Every year, round about Reading Festival time, a slender magazine plops through the letterbox. It is the Bangoriad, the yeary update for graduates from UCNW Bangor, or plain Bangor University as it now is. I flick through it, gaze across the bits in Welsh and see which words I can puzzle out (like most English students who go there, I (perhaps shamefully) never learnt more than a smattering of the language), read about a few new developments and new appointments, flick over the obituaries just in case someone I knew from then is mentioned, flick through only partially interested, and vagualy thinking of my time there, twenty years ago. This year, however, one thing caught my eye: mention of Y Seren, the student magazine, which has now put all the archive editions online. Going to the website, I spent a good hour looking through the editions between october 1986 and 1989, the time when I was involved in it as gigs and events photographer, occasional columnist, sometime scurrilous letter writer and one time spectacularly bad poetry contributor (however, the poem does have a message concealed, not very secretly, in it). I won't say 'the memories came flooding back': perhaps more accurate to say the memories lapped gently at the knee, and I thought with a wry smile of myself, loitering around the Students' Union building and avoiding lectures.

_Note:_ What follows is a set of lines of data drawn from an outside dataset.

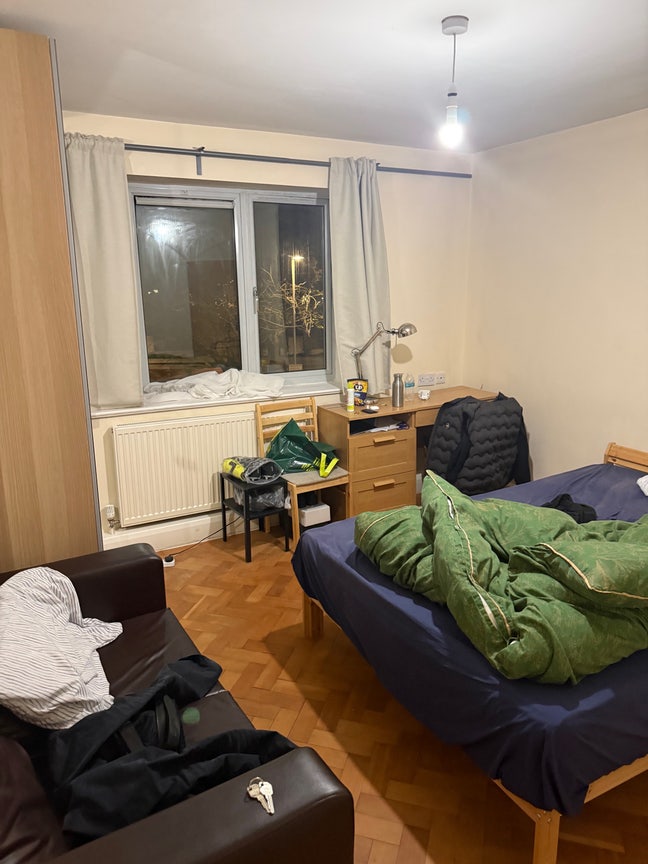 Spacious Double Room in Child's Hill NW2 Main Photo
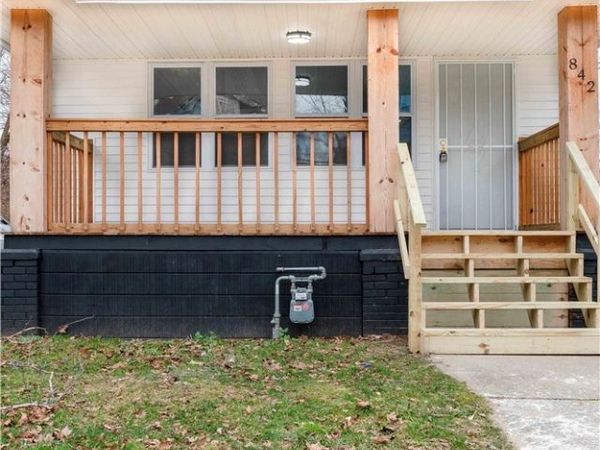 842 E 144th Street , Cleveland, OH 44110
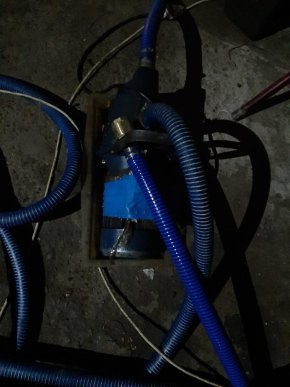 Поліцейські затримали «на гарячому» групу осіб – 05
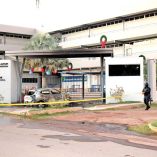 Fachada del Instituto Altum acordonada tras incendio provocado por delincuentes.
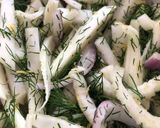 A picture of step 5 of Kohlrabi and fennel salad - vegan.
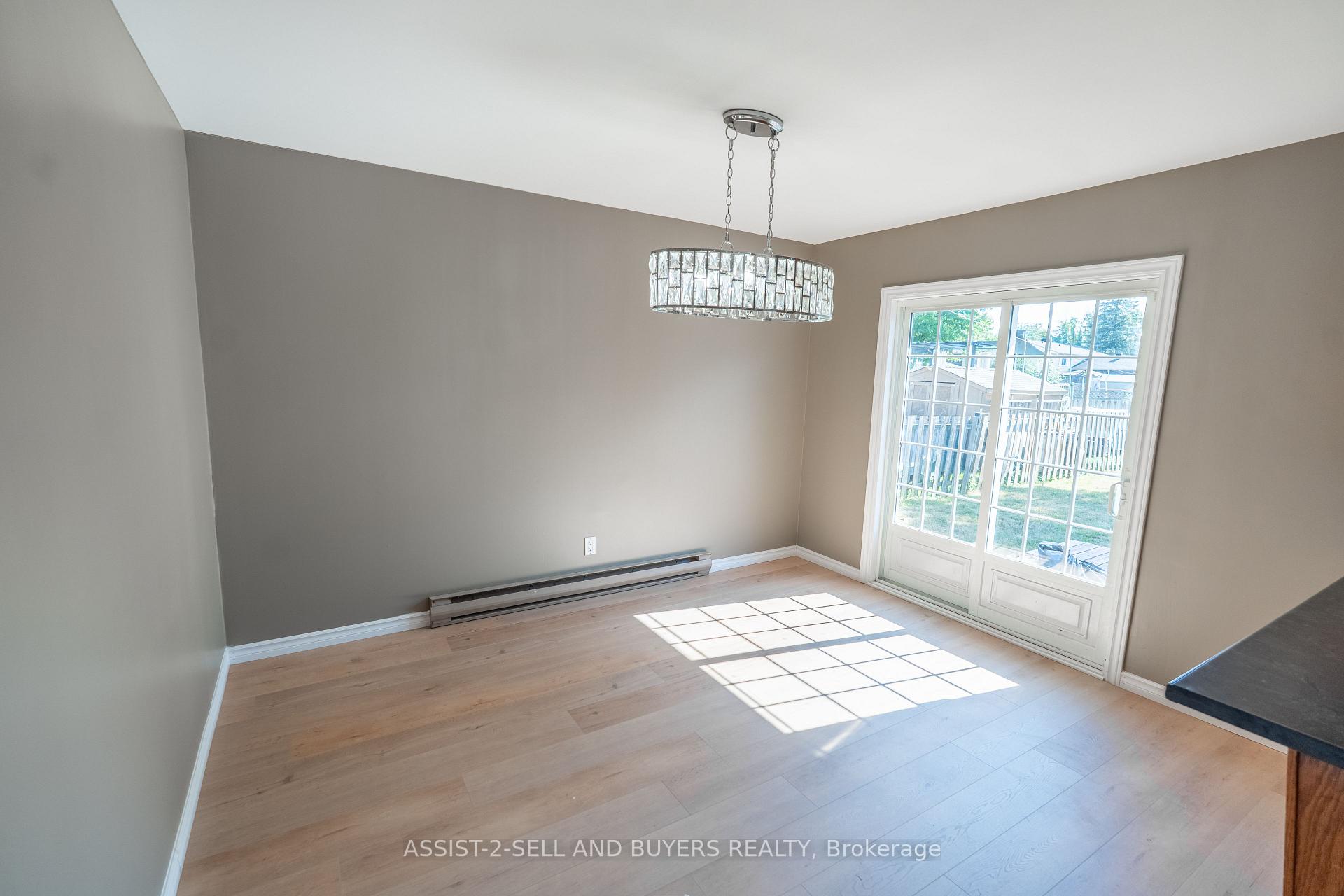 Photo 13 of 862 Dundee Avenue, Cornwall — HOMEH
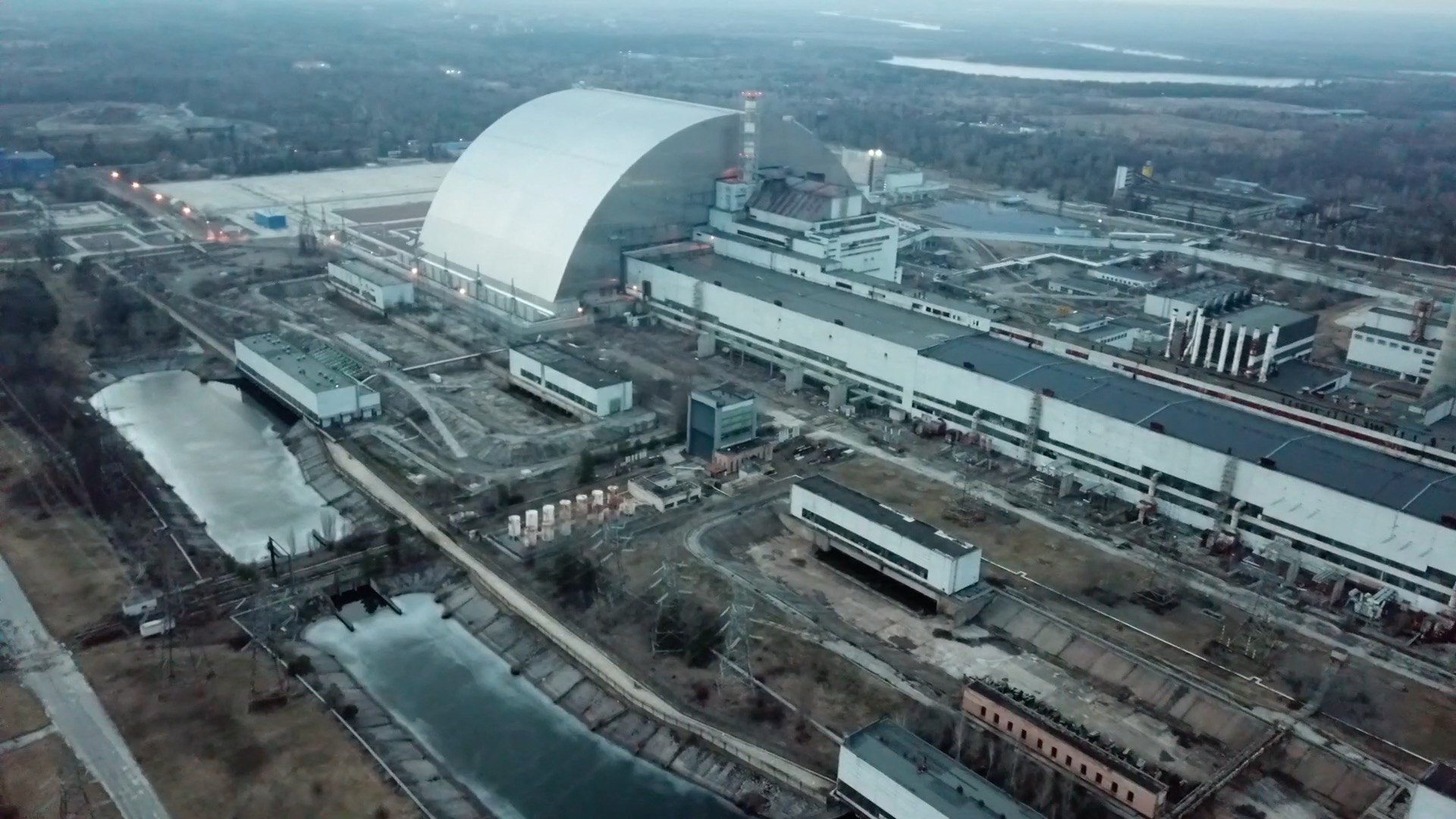 Drónfelvétel az ukrajnai Pripjatban lévő csernobili atomerőműről az orosz védelmi minisztérium által 2022. március 7-én közzétett képen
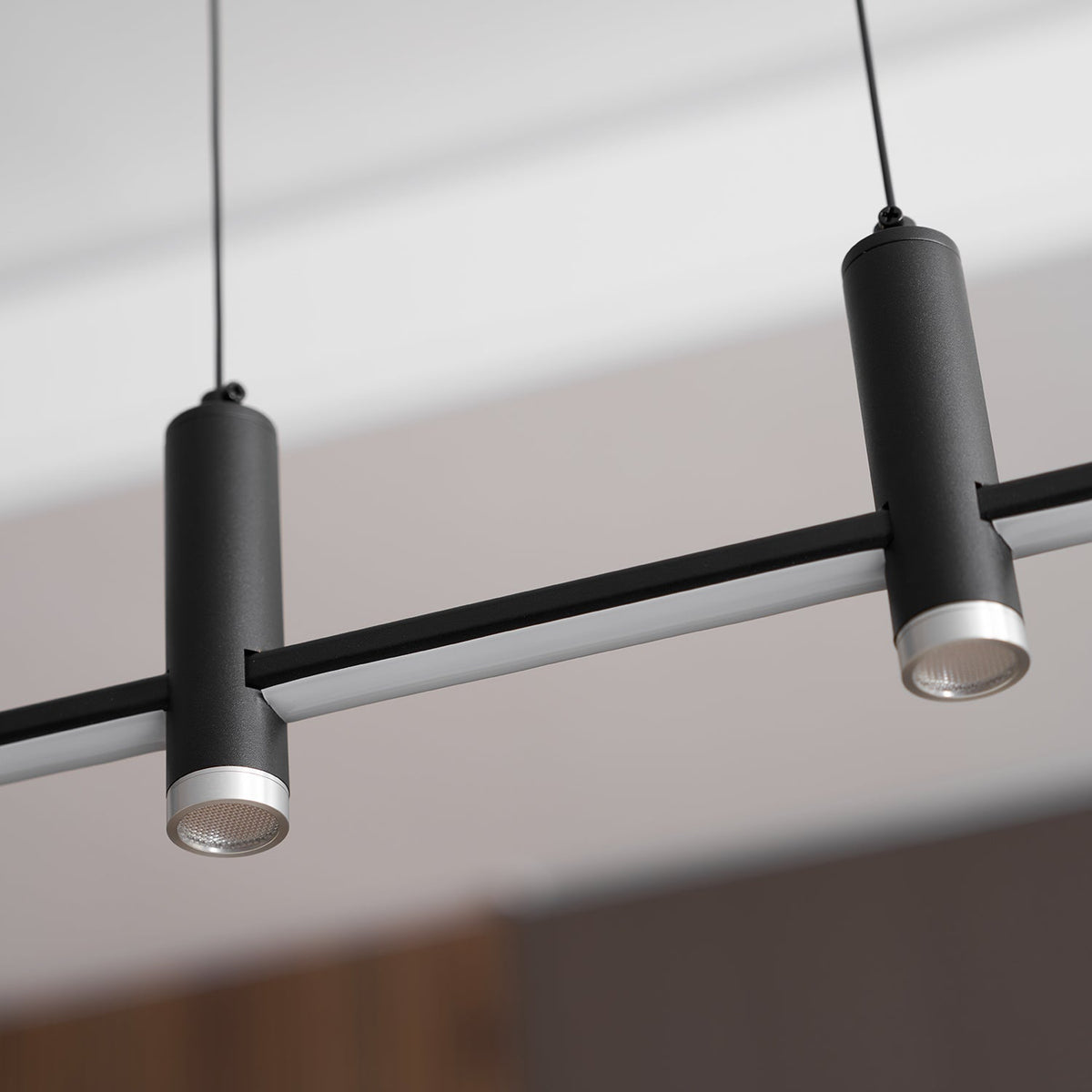 Disumo Linear Pendant Light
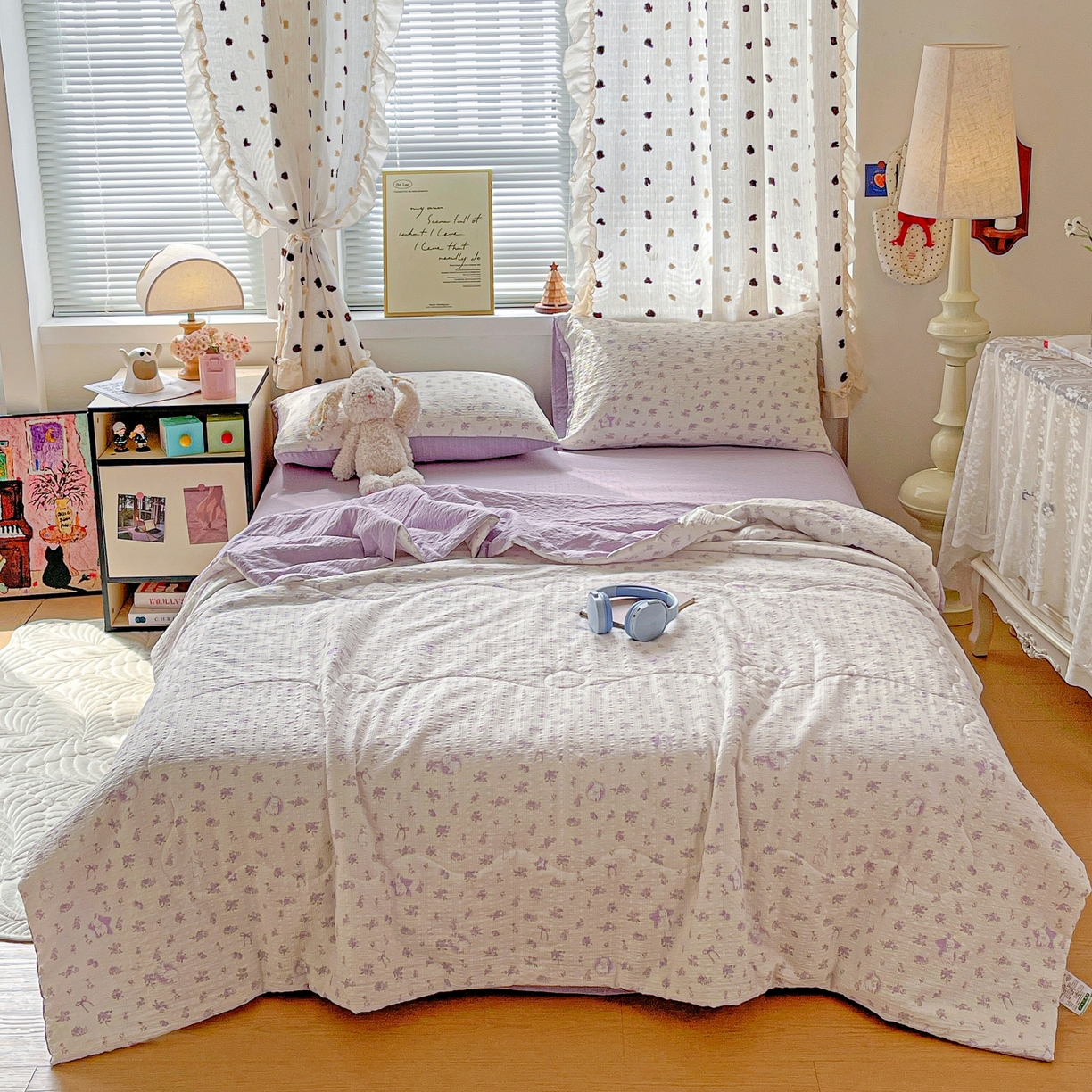 91家纺网 家纺一手货源 找家纺 一比一家纺 2026新款泡芙纱简款夏被四件套 紫色花语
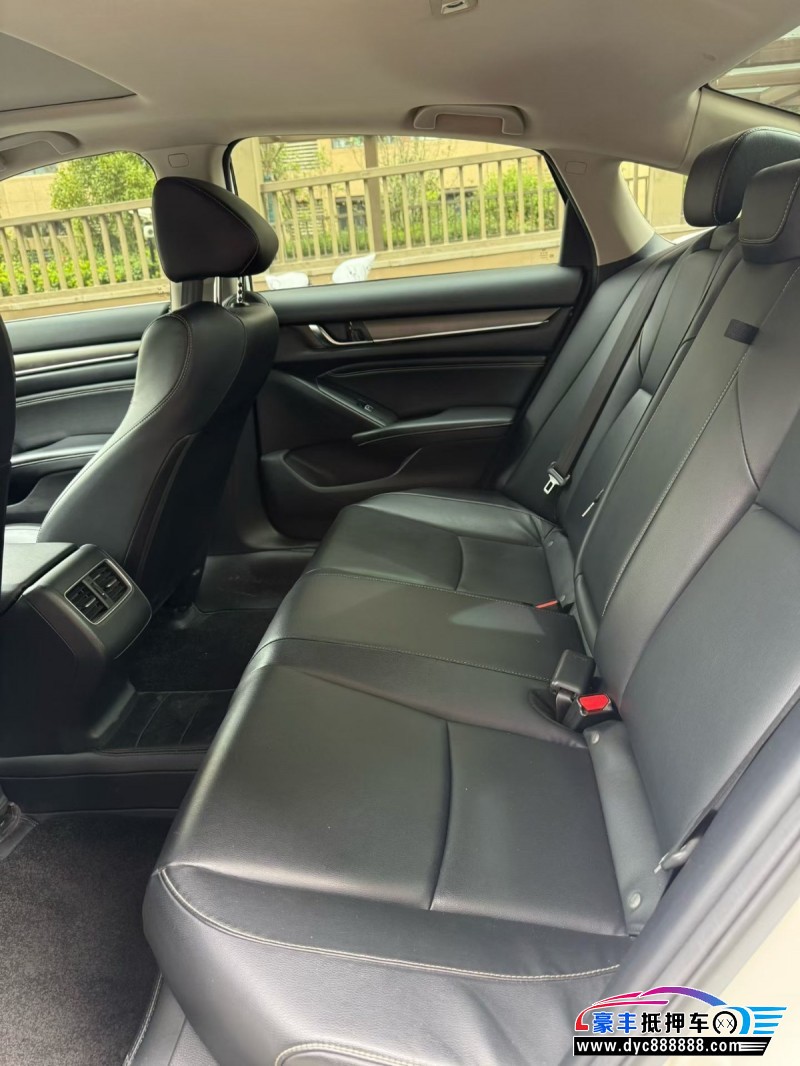 19年本田英诗派轿车抵押车出售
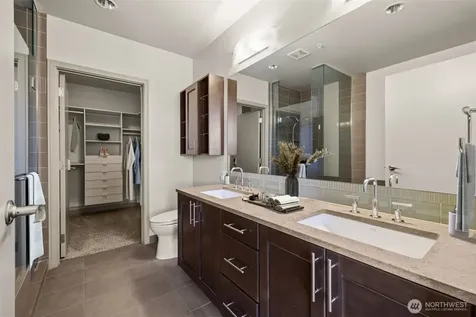 10610 NE 9th Place Bellevue WA 98004
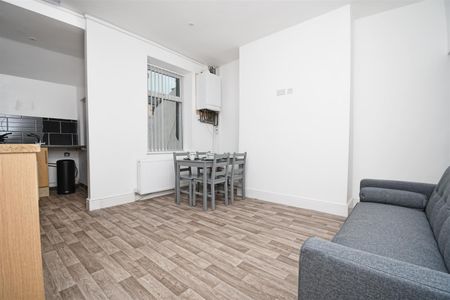 1 bed house share to rent in Nairne Street, Burnley, BB11 - Photo 2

I got involved with Y Seren during Freshers' week, when I went up to the magazine stall and introduced myself as a photographer. There was one problem: I hadn't actually brought my camera kit ( a Pentax Spotmatic F plus various lenses) with me, and had to wait before my dad turned up a few weeks later before I could actually start shooting. Once I started, I realised I had hit upon almost the perfect way to get into events without paying. I could get into all the gigs free, then I would go backstage with the bands afterwards, do impromptu interviews, and drink their rider. However, this left those occasions where my services as a photographer were not required. In order to circumvent the paying for things problem, I became a member of Ents and RAG, and a member of Stage Crew. This meant I could either be sitting on the door stamping hands and taking money for an hour, then go into the event free (mostly the wednesday and friday discos), or I would help coordinate something and again free entry, or I would be the DJ. Failing that, I would be involved in setting up and taking down the stage equipment: This latter strategy meant that I could indulge in some late night drinking - this was well before 24-hour drinking was introduced, and indeed only just after North Wales allowed people to drink after the ungodly hour of 10.30. In fact, I did almost all of these tasks while enveloped in a warm boozy haze. This fogginess may be the reason why the memories do not exactly flood back.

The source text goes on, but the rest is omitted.